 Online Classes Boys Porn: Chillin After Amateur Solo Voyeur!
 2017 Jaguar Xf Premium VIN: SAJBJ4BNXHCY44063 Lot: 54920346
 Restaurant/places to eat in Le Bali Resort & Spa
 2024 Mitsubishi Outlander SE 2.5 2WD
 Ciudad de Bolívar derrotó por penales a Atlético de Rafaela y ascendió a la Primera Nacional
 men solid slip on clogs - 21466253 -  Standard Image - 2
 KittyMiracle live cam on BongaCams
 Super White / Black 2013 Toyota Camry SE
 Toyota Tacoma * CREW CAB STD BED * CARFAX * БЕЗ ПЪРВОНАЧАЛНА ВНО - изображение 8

■ ■ ■ ■

Character for character, reproduce all of the lines above.

 Online Classes Boys Porn: Chillin After Amateur Solo Voyeur!
 2017 Jaguar Xf Premium VIN: SAJBJ4BNXHCY44063 Lot: 54920346
 Restaurant/places to eat in Le Bali Resort & Spa
 2024 Mitsubishi Outlander SE 2.5 2WD
 Ciudad de Bolívar derrotó por penales a Atlético de Rafaela y ascendió a la Primera Nacional
 men solid slip on clogs - 21466253 -  Standard Image - 2
 KittyMiracle live cam on BongaCams
 Super White / Black 2013 Toyota Camry SE
 Toyota Tacoma * CREW CAB STD BED * CARFAX * БЕЗ ПЪРВОНАЧАЛНА ВНО - изображение 8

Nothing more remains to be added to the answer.